DATASET EXTRACT
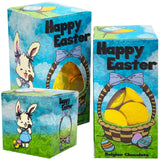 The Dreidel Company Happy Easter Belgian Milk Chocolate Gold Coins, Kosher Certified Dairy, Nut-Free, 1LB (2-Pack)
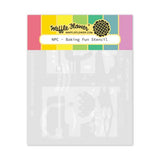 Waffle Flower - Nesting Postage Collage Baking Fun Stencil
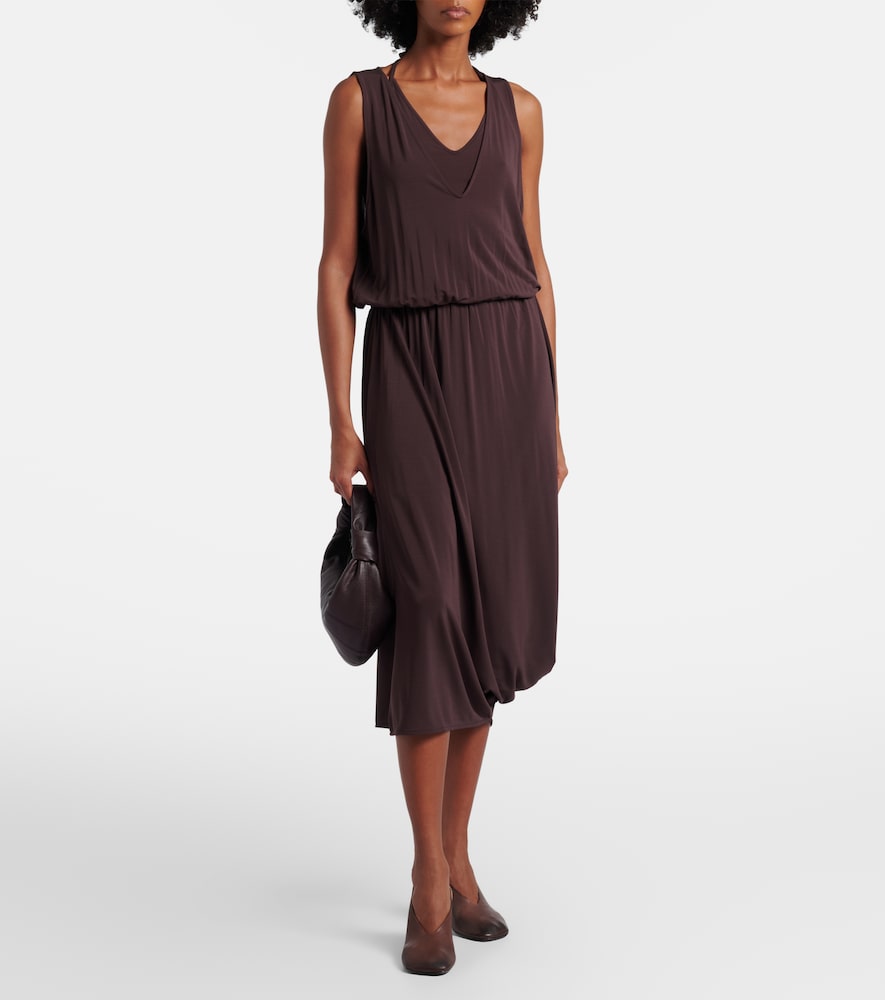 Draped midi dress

YOUR TASK
Retype verbatim only the lines beginning with the line that contains "Waffle Flower - Nesting" and ending with the last line of the listing above; pictures are to be excluded.

RESPONSE BOX
 Waffle Flower - Nesting Postage Collage Baking Fun Stencil
 Draped midi dress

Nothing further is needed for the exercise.